The officer, working under the pseudonym Paddy O’Hara, took the suspect, Darren Osment, on fake gun smuggling runs and once showed him a fictitious press clipping of a killing in Northern Ireland that he implied he was involved in, a jury at Bristol crown court heard.
Osment told O’Hara that he trusted him “100%” and towards the end of the 20-month undercover operation allegedly admitted to the officer that he had used the “knife skills” he had as a chef to cut the body of his ex, Claire Holland, and suggested her remains ended up in the Severn estuary, the court was told.
Giving evidence from behind a screen, the officer said he spent many hours with Osment and claimed he was sometimes torn between the need to protect the public from the “aggressive” suspect when he seemed about to attack an innocent person during a night out and the imperative not to blow his cover. He also said he had driven Osment when he knew he was meeting customers to sell cannabis.
The operation was launched in September 2020 – eight years after Holland went missing after leaving a pub in Bristol when she was 32. Neither she nor her body have been found.
O’Hara said he moved into a flat in Patchway, near Bristol, about 300 metres from Osment’s home and their first meeting was in a shopping precinct, where he struck up a conversation with the defendant and offered him casual work.
It quickly became a “personal relationship”. The pair would watch sport on the television together and play pool and snooker for up to 10 hours a day. Every bit of conversation was recorded, O’Hara said. “He said he trusted me 100%,” the officer claimed. “If he married, I would be his best man.”
The police designed pieces of “theatre” to convince Osment that O’Hara was a criminal. On two occasions O’Hara and Osment drove to Llandudno in north Wales to pick up firearms. On the second journey home, Osment told him: “If we get arrested I will take the blame for having the firearm.”
O’Hara said Osment was often very aggressive and he had to strike a delicate balance between protecting people from Osment and not blowing his cover.
“I’m in a difficult position. I don’t want to step out of my role.” But he described once having to stop Osment attacking students with a cosh fashioned out of pool balls and a sock.
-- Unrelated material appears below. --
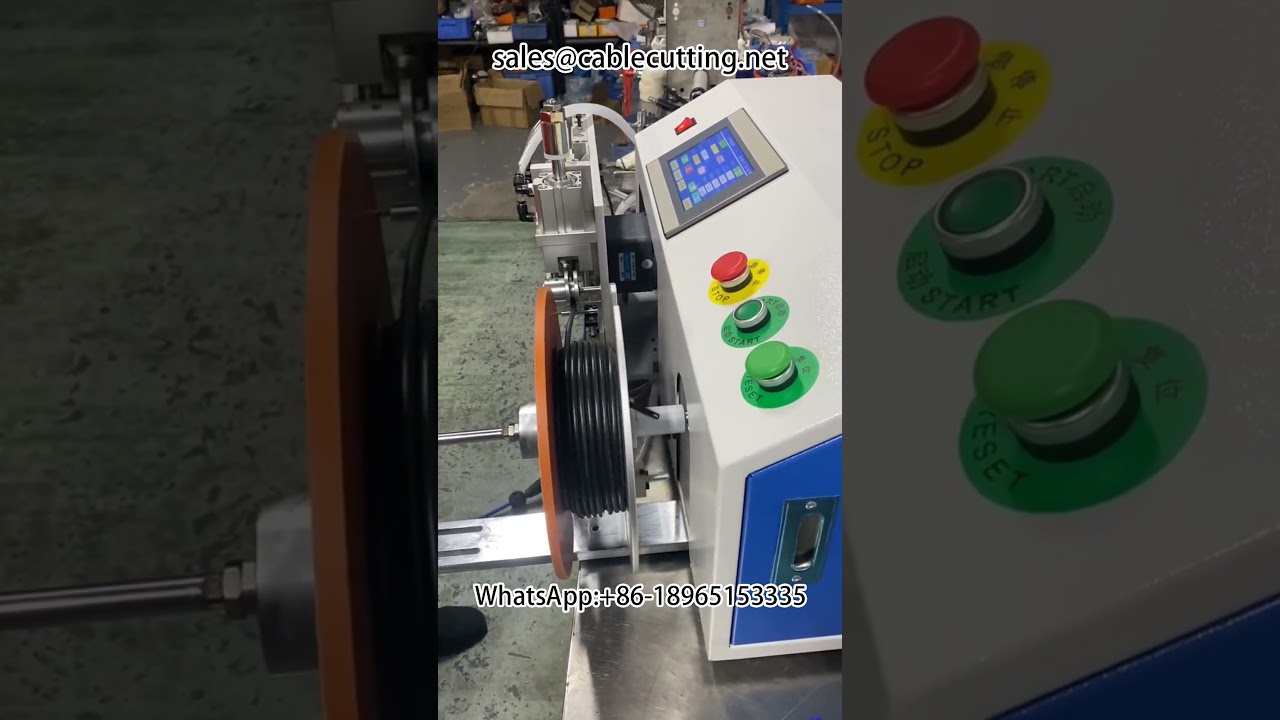 Macchina automatica per conteggio metri, taglio, avvolgimento e riavvolgimento di precisione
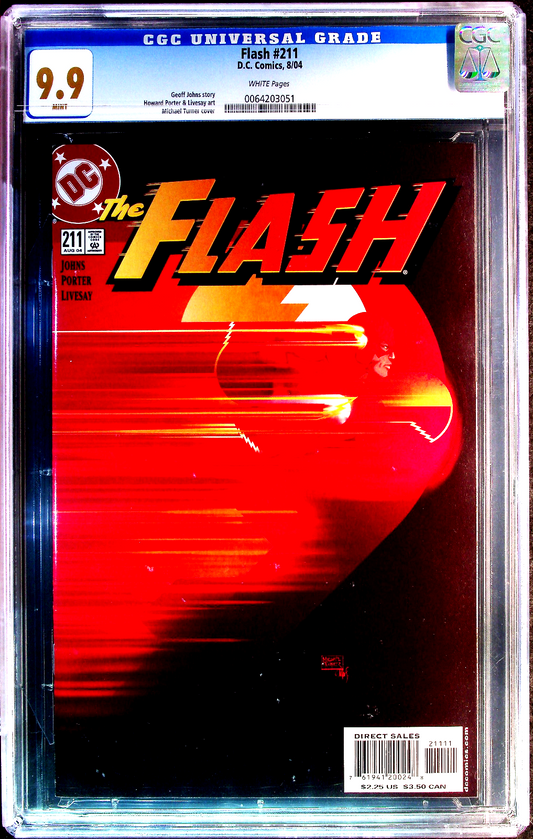 Flash #211 (2004) CGC 9.9 MINT WHITE Pages Nightwing & Gorilla Grodd Appearance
Another undercover officer – Mike – posed as a criminal contact of O’Hara’s while a third – Neil – was presented as a “fixer” of problems. O’Hara got Osment to help him hide £5,000 in cash and silver medallions and to act as a lookout.
On one occasion, O’Hara told Osment he felt he was being secretive and showed him a fake newspaper clipping relating to a killing in Belfast in 1985 that the officer implied he was involved in.
Osment began to open up to O’Hara, it is claimed. He allegedly said he had done “horrible fucking shit” and hinted her body had ended up in the Severn estuary. In June 2022 he allegedly admitted he had used his “knife skills” on her.
Osment, 41, from south Gloucestershire, denies murder. The trial continues.